The property is today managed by Stéphanie de Boüard-Rivoal, who took over its management from her father in 2012. Hubert de Boüard still remains very much involved, working alongside his daughter. The Grand Vin of Angélus is typically full bodied, rich and bold in style, with Antonio Galloni saying that “next to Pavie and Cheval Blanc, Angélus has broader shoulders, larger-grained tannins and more overt ripeness”. Some of the best vintages of this wine have been 1990, 2000, 2001, 2003, 2005, 2009 and 2010, with them all being considered close to perfect by critics. A second wine has been produced at this estate since 1987, named Le Carillon d’Angélus.

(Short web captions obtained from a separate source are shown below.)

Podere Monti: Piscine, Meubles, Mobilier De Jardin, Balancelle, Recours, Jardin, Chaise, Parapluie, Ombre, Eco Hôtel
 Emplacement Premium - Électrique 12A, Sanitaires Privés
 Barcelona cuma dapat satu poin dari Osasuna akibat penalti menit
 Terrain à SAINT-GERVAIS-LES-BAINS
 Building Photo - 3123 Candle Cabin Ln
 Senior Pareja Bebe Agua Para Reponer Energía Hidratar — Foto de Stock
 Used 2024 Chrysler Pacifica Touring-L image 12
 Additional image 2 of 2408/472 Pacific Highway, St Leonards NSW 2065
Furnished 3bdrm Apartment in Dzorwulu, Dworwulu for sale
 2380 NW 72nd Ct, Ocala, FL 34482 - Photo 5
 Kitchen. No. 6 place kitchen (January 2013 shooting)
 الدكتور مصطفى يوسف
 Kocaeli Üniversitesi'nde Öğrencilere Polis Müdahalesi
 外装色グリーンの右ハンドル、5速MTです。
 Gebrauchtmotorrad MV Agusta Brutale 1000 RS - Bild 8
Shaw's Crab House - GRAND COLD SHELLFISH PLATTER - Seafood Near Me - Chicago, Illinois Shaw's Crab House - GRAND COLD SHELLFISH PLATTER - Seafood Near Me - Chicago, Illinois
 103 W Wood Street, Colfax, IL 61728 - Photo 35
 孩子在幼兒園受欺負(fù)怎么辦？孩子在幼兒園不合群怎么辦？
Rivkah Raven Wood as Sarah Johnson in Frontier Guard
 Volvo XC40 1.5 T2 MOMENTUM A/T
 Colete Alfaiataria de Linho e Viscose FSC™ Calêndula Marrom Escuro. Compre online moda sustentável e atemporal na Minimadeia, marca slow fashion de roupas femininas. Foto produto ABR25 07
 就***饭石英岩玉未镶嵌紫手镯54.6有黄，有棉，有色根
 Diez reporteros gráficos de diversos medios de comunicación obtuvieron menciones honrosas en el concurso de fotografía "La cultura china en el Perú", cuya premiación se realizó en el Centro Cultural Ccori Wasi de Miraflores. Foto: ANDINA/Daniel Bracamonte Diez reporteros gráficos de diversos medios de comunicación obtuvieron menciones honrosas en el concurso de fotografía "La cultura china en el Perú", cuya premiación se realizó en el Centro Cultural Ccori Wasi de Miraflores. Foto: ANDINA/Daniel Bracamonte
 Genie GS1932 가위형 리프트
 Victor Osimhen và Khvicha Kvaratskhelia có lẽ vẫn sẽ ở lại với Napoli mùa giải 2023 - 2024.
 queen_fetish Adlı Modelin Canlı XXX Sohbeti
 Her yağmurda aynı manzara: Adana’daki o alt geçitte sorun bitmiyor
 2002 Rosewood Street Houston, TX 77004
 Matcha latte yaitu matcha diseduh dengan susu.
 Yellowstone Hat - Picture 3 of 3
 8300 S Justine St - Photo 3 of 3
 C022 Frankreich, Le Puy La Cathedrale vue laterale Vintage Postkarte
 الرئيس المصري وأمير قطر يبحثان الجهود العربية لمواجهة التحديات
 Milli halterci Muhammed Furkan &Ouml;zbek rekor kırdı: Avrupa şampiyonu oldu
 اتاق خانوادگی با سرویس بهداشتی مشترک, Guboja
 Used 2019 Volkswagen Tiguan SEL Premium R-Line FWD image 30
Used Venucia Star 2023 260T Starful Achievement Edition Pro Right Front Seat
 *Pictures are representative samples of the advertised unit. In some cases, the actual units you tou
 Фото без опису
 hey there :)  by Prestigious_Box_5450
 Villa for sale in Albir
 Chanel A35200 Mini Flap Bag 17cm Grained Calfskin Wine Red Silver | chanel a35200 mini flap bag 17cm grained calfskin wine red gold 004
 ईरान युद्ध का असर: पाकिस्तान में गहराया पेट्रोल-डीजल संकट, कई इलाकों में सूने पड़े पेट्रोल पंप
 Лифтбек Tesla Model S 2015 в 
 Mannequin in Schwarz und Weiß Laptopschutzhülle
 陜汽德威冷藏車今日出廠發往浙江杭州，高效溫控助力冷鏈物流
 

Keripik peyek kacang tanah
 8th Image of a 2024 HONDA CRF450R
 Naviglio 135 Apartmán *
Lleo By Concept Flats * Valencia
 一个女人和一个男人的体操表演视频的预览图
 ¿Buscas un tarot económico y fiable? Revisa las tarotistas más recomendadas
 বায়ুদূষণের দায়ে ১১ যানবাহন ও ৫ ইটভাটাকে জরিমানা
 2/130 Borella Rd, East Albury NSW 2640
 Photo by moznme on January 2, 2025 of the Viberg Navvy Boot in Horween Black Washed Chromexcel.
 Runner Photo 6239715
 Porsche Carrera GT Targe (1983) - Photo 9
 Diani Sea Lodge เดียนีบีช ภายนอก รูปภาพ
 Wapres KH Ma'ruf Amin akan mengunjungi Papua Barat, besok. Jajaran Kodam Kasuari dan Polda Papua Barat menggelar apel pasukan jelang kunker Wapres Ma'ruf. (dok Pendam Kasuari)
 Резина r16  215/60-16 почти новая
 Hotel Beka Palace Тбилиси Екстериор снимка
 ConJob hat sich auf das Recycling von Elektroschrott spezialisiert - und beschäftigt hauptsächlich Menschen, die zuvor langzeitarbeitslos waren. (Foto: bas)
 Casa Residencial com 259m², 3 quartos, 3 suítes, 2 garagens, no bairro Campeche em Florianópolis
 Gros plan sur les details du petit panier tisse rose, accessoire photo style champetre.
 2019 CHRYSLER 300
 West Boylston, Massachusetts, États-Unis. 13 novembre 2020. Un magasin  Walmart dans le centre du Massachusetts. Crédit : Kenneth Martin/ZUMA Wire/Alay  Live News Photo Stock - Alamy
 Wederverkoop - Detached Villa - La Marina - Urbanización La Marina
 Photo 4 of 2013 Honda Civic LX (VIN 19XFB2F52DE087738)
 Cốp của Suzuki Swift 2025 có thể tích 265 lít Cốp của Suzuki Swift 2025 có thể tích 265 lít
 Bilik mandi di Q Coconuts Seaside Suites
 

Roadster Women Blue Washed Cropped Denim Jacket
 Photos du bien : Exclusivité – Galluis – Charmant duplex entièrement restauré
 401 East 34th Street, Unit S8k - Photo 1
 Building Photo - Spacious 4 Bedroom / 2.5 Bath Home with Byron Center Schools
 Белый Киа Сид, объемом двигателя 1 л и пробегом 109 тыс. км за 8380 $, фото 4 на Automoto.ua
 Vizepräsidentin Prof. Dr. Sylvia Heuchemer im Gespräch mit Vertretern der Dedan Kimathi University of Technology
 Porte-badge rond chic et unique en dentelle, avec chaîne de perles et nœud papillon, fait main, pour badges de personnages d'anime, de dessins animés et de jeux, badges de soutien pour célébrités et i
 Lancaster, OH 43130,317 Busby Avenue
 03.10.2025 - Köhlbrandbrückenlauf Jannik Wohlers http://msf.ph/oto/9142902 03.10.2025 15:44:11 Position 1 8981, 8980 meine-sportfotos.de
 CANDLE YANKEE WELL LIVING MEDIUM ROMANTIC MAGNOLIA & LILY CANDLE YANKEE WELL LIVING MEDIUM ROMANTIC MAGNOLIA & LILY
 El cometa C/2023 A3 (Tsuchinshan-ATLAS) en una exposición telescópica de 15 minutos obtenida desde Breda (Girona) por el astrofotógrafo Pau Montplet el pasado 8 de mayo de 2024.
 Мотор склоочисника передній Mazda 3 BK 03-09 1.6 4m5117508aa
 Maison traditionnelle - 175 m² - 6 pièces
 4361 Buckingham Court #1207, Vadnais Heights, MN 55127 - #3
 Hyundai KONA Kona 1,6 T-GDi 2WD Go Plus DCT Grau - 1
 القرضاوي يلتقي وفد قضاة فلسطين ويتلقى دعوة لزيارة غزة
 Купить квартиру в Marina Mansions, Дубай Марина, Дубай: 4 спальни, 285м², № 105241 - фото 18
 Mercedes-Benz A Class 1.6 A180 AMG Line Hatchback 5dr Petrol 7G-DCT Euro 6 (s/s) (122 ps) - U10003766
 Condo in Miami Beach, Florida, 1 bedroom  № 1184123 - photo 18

The vines receive the same care and attention as for the Grand Vin, the main difference coming from the length of time spent in oak and the proportion of new oak used, which means that the wine is of a lighter and more approachable style than the Grand Vin, and is characterised by velvety tannins and rich fruitiness.
It has been well received by critics, with Parker saying of the 2015 vintage that it was able to “show up many other Saint-Émilion grand crus”. A third wine has also been produced since 2007, called No. 3 d’Angélus, the product of the estate's younger vines, which focuses on producing a smooth and fruit forward wine. The constant search for ways of producing wine of even higher quality is clear at Angélus. In 2009, an extra 60 people were hired in order to manually de-stem the grapes, berry by berry, as much as possible, and this was expanded to 150 people the following year, meaning that almost half of their crop was de-stemmed manually. This process means that the berries will stay intact, preserving freshness and retarding oxygenation.
With the 2018 production, the property introduced two individual 3,200 litre oak foudres to the winery which made up 10% of the production of the Grand Vin. The team tasted the wine in the foudre every day comparing it with the same fruit aged in oak barriques to understand the effects of this alternative élevage. These thicker oak barrels saw a slower transition of oak flavours into the wine and the tannins in the foudre were very pure and more refined than when compared to the barriques. So pleased with the results, Angélus bought an additional foudre to be used in the 2019 vintage.